MEDIA ONLINE RESMI MAJELIS WAKIL CABANG (WCNU)NU KECAMATAN CIPAYUNG KOTA ADMINISTRASI JAKARTA TIMUR

Rabu, 03 Maret 2021

KAJIAN TENTANG ISLAM DAN KAMTIBMAS

Islam adalah agama yang diturunkan Allah Subhanahu wa Ta'ala untuk menjadi rahmat bagi alam semesta. Pesan kerahmatan dalam Islam benar-benar tersebar dalam teks-teks Islam baik al Qur-an maupun hadits. Kata Rahmah, Rahman, Rahim dan derivasinya disebut berulang-ulang dalam jumlah yang begitu besar. Jumlahnya lebih dari 90 ayat. Maknanya adalah kasih dan sayang.

Dalam sebuah hadits Qudsi Tuhan menyatakan : “Ana Al-Rahman. Ana al-Rahim” (Aku Sang Maha Kasih. Aku Sang Maha Sayang).

Sumber Islam paling otoritatif tersebut dengan sangat tegas menyebutkan bahwa agama yang dibawa oleh Nabi Muhammad adalah agama “rahmatan li al ‘alamin” :

وَمَا اَرْسَلْنَاكَ اِلَّا رَحْمَةً لِلْعَالَمِيْنَ

“Aku tidak mengutusmu (Muhammad) kecuali sebagai (penyebar) kasih sayang bagi semesta” (QS. Al-Anbiya, 107).

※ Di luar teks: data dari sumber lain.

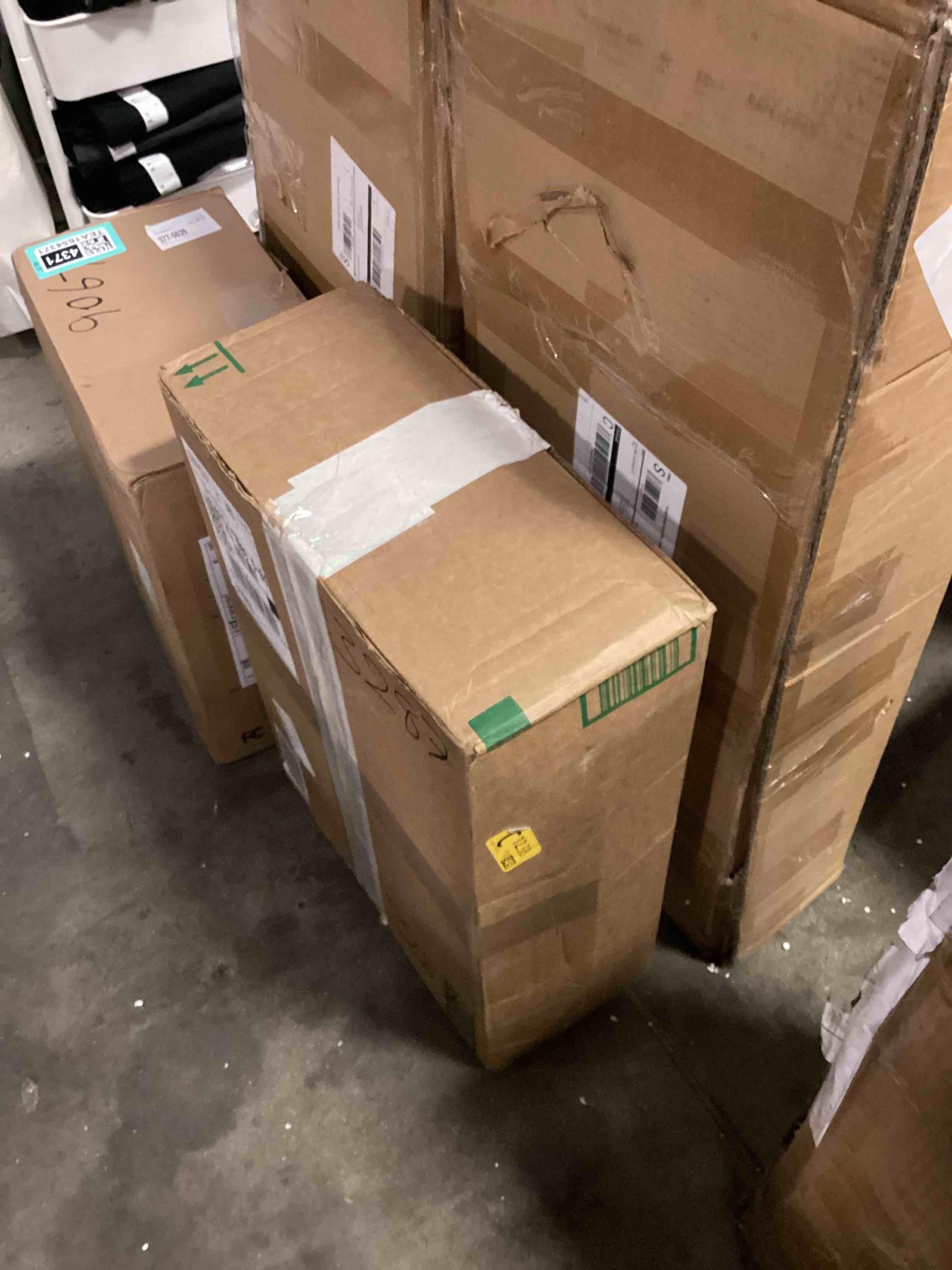 https://s3.amazonaws.com/lotting-images-prod/bidfta/TEA1654369_1752585350918.jpeg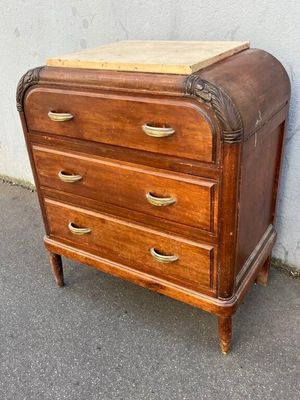 une commode en bois avec un plateau en marbre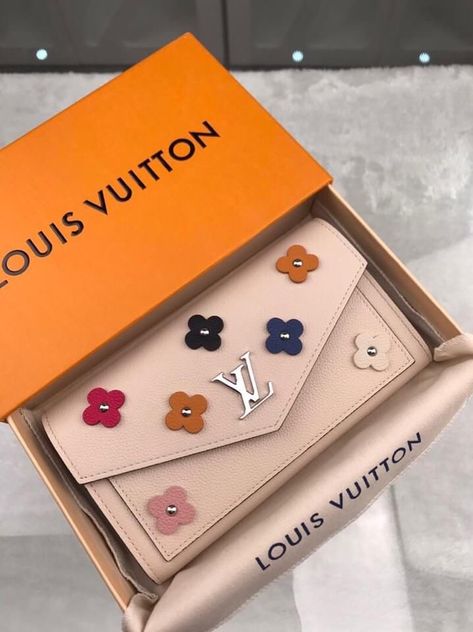 Tas Louis Vuitton, Louis Vuitton Nails, Sac Louis Vuitton, Louis Vuitton Backpack, Luxury Bags Collection, Ladies Bag, Girly Bags, Fancy Bags, Luxury Purses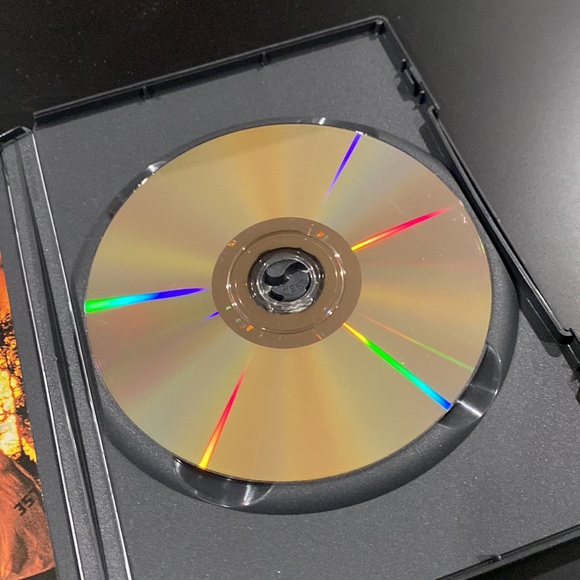 Firestorm - DVD - Picture 4 of 4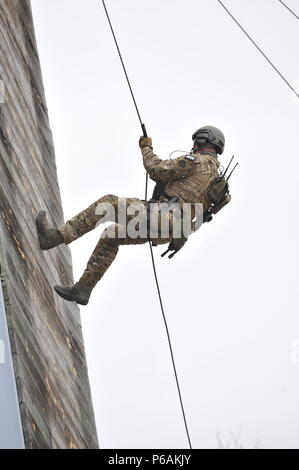 Fbi Rappelling FBI Milwaukee SWAT team is a tactical law enforcement unit specializing ...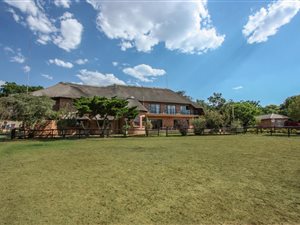 5 Bed House in Kyalami AH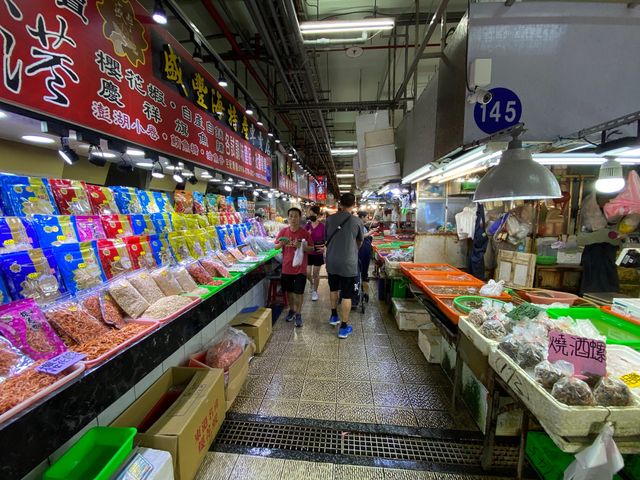 東港華僑市場必吃的黑鮪魚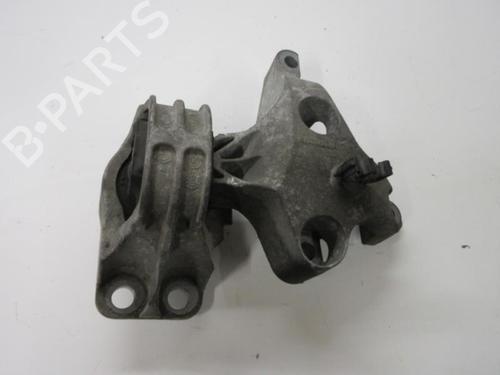 Used Engine mount DACIA DUSTER (HS_) 1.5 dCi (HSMC) (107 hp) 22107190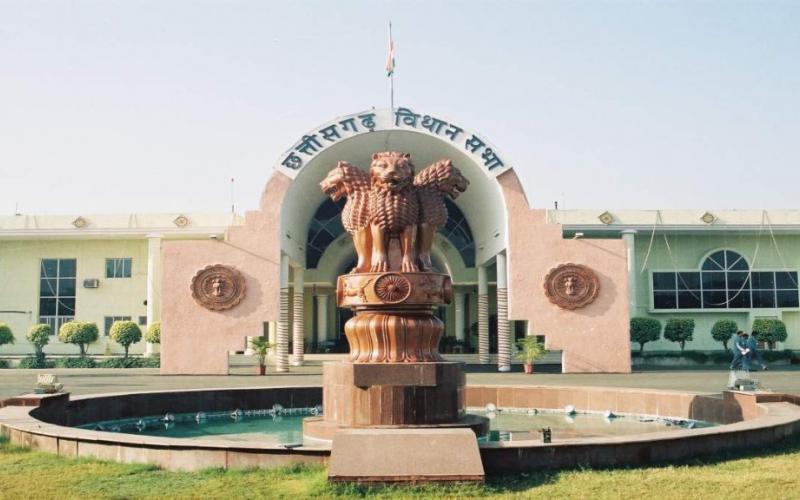 Uproar over farmer suicide issue, opposition adamant on adjournment motion walks out, winter session of Chhattisgarh Assembly, Khabargali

Fungsi kerahmatan ini dielaborasi oleh Nabi dengan pernyatannya yang terang benderang: :”Bu’itstu li utammima makarim al akhlaq” (Aku diutus untuk menyempurnakan moralitas kemanusiaan yang luhur).  

Dari Abu Hurairah radhiyallahu 'anhu dia berkata,

قيل : يا رسول الله ! ادع على المشركين . قال " إني لم أبعث لعانا . وإنما بعثت رحمة ". رواه مسلم

Dikatakan kepada Nabi shallallahu 'alaihi wa sallam, "Wahai Rasulullah Shallallahu 'alaihi wa sallam! Doakanlah keburukan (laknatlah) atas kaum musyrikin.” Nabi Shallallahu 'alaihi wa sallam menjawab, "Sesungguhnya aku diutus bukan sebagai pelaknat, namun aku diutus sebagai rahmat (pembawa kasih sayang)." (HR. Muslim)

Nabi Muhammad Shallallahu 'alaihi wa sallam selalu menolak secara tegas cara-cara kekerasan dan sekaligus tidak pernah melakukannya dalam berdakwah.

Allah Ta'ala telah memberikan kesaksian sekaligus merestui cara-cara atau metode penyebaran Islam yang dijalankan Nabi Saw tersebut sambil menganjurkan agar dia meneruskannya,

فَبِمَا رَحْمَةٍ مِّنَ اللهِ لِنْتَ لَهُمْ. وَلَوْ كُنْتَ فَظًا غَلِيْظَ الْقَلْبِ لَاْ نْفَضُّوْا مِنْ حَوْلِكَ. فَاعْفُ عَنْهُمْ وَاسْتَغْفِرْ لَهُمْ وَشَاْوِرْهُمْ فِى اْلاَمْرِ

“Maka disebabkan rahmat (kasih sayang) Tuhanlah, kamu berlaku lemah lembut terhadap mereka. Sekiranya kamu bersikap keras dan berhati kasar, niscaya mereka menjauhkan diri dari sekitarmu, maka maafkanlah mereka dan mohonkan ampunan bagi mereka dan bermusyawaralah dengan mereka dalam segala urusan”.(QS. Ali Imran, 3 :159).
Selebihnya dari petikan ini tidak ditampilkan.